Nel rapporto terapeutico, una valutazione etica e morale del terapista verso i clienti ogni tanto è inevitabile per motivi curativi. Se capita, il cliente ha il diritto di sapere i motivi, le conclusioni, le conseguenze della tua riflessione e eventualmente i consigli che hai da dare. Tutto il resto è sleale verso il cliente e antiterapeutico.

A chi del resto come terapista si sente di giudicare il suo cliente, consiglio di scegliersi un’altra professione come p.es.:

  • Procuratore pubblico
  • Giudice
  • Sacerdote
  • Politico
  • Capo del personale di un’impresa
  • Poliziotto
  • Guru di una comunità spirituale
  • Presidente di una congregazione di giusti.
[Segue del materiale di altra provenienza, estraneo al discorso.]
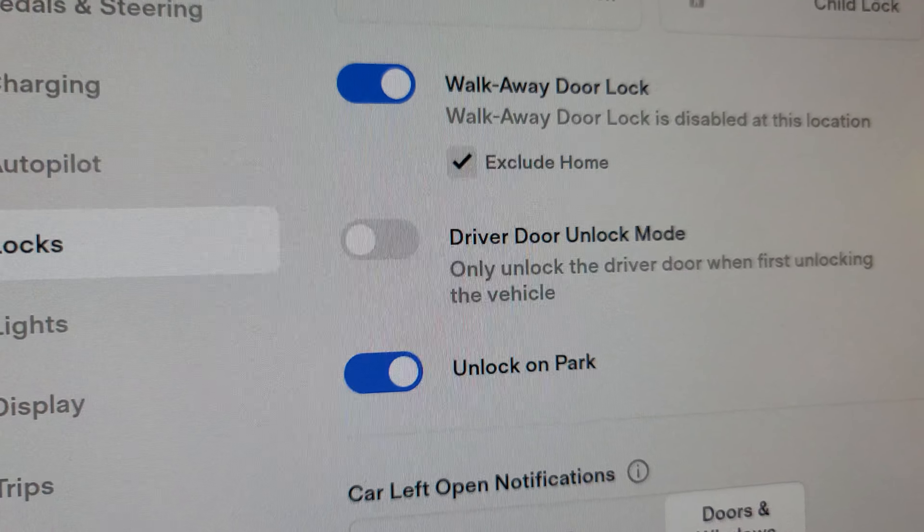Another thing on this page is the Exclude Home option that applies only to notifications. You can get notifications when a door is open — Tesla added that feature later on. If any of the doors or windows are open, you'll get a notification on your phone. However, if you want to leave a door or even the frunk or trunk open while inside the garage, you can enable Exclude Home here as well.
Il giudizio, all’infuori di necessità funzionali, ha degli effetti collaterali:

  • Abbrutisce il viso
  • Rende arrogante e/o bigotto
  • Impedisce la simpatia (che nasce sul terreno della comune debolezza)
  • Interrompe la riflessione e ti rende tonto
  • Alimenta il rancore verso di te
  • Ti fa sentire superiore, ma alla lunga non è divertente
  • Porta un alto rischio di assuefazione poco soddisfacente.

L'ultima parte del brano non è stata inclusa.